### Exercise:
With the pictures left out, write out exactly the lines of the listing below that run from the line with "DIM 200mg Estrogen" through the line with "premium teak outdoor".

### Data supplied:
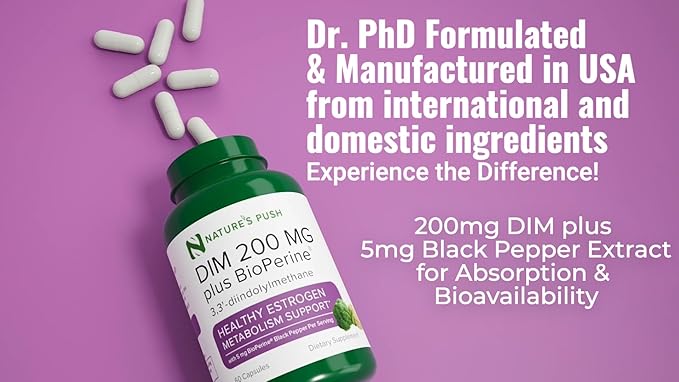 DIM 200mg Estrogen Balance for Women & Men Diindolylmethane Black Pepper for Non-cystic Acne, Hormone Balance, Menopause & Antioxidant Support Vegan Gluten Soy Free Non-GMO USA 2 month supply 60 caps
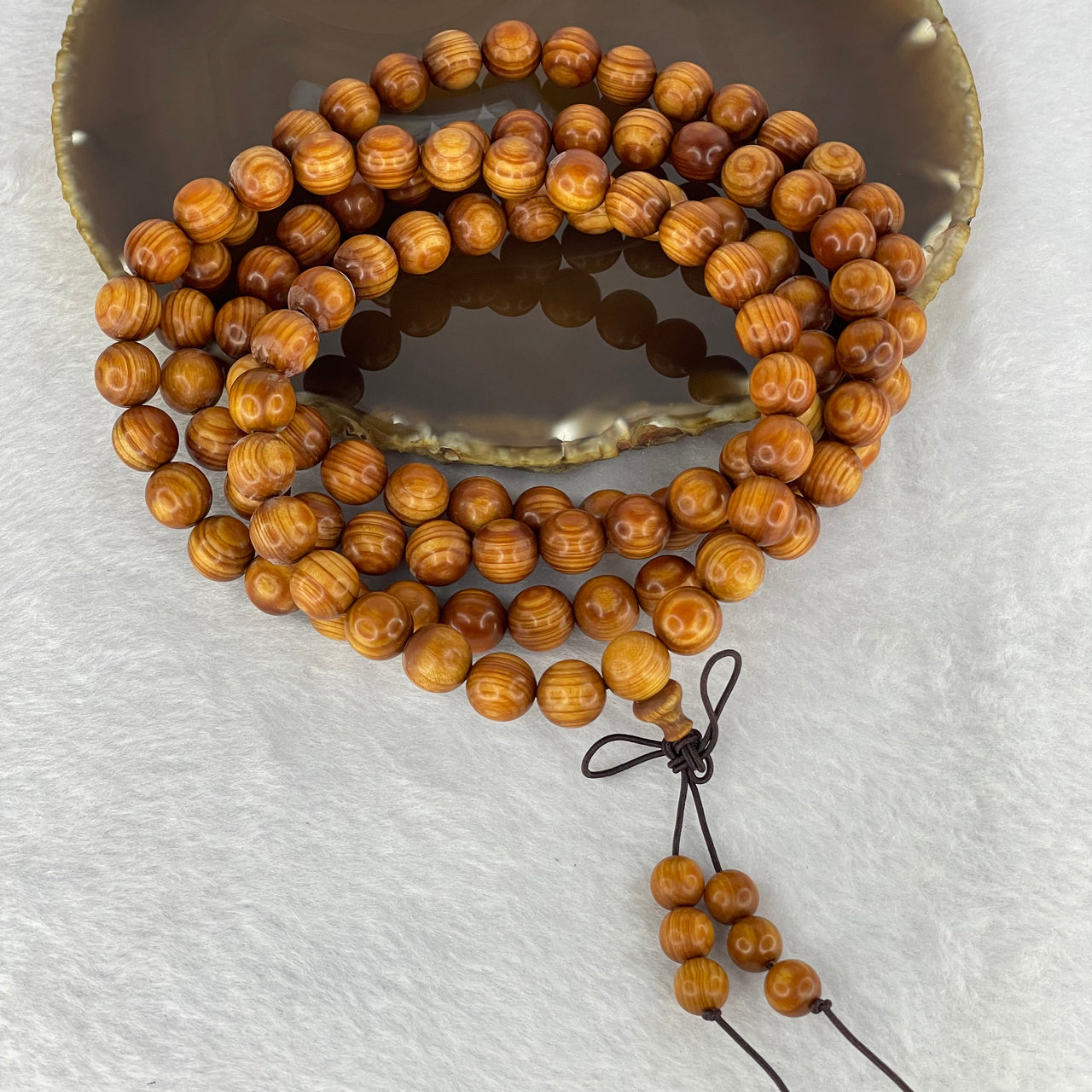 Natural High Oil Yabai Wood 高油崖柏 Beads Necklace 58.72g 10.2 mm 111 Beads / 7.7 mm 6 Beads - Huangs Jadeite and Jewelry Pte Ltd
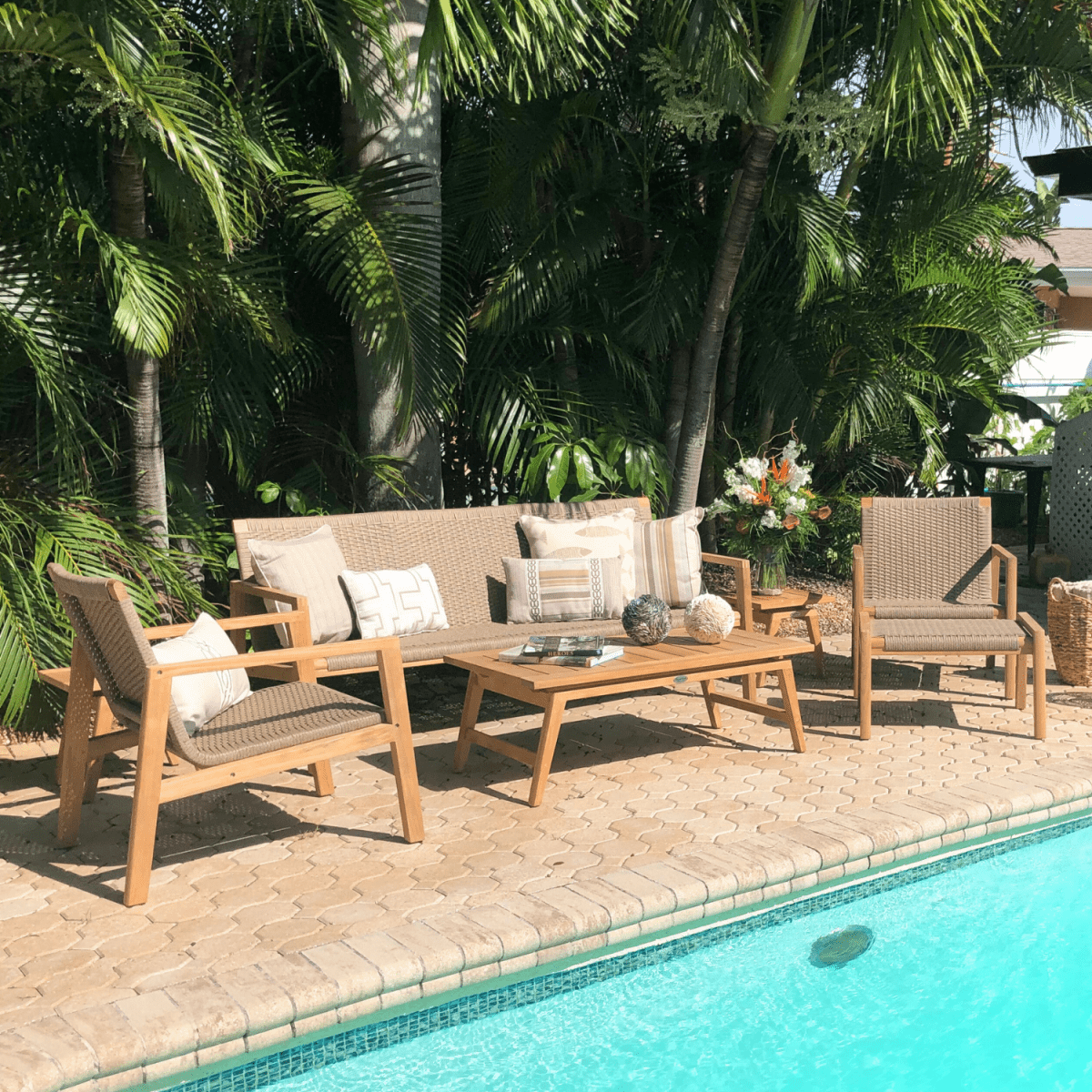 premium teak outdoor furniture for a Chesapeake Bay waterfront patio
* * *
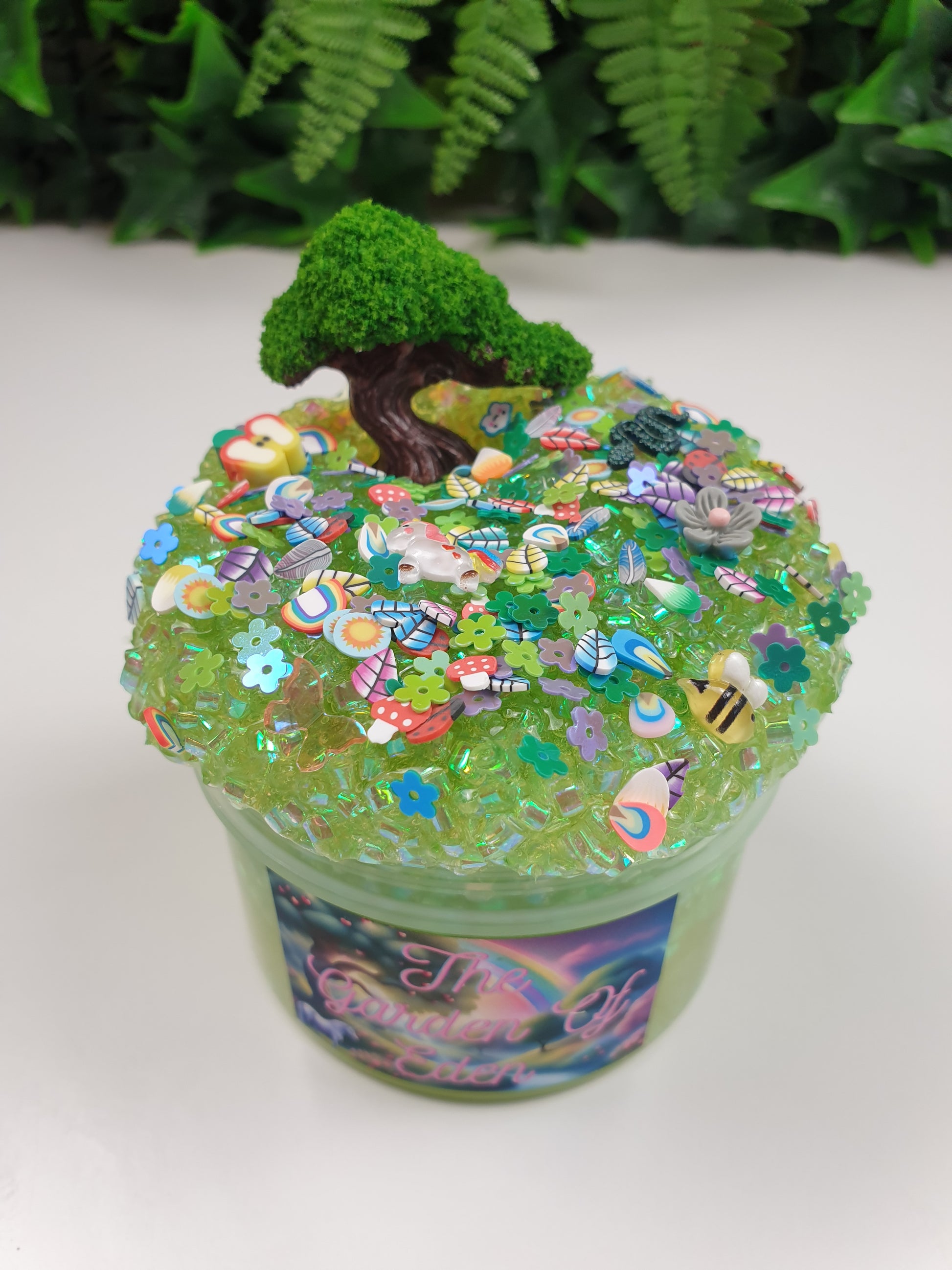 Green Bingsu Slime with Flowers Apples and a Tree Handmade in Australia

### Response to the exercise:
 DIM 200mg Estrogen Balance for Women & Men Diindolylmethane Black Pepper for Non-cystic Acne, Hormone Balance, Menopause & Antioxidant Support Vegan Gluten Soy Free Non-GMO USA 2 month supply 60 caps
 Natural High Oil Yabai Wood 高油崖柏 Beads Necklace 58.72g 10.2 mm 111 Beads / 7.7 mm 6 Beads - Huangs Jadeite and Jewelry Pte Ltd
 premium teak outdoor furniture for a Chesapeake Bay waterfront patio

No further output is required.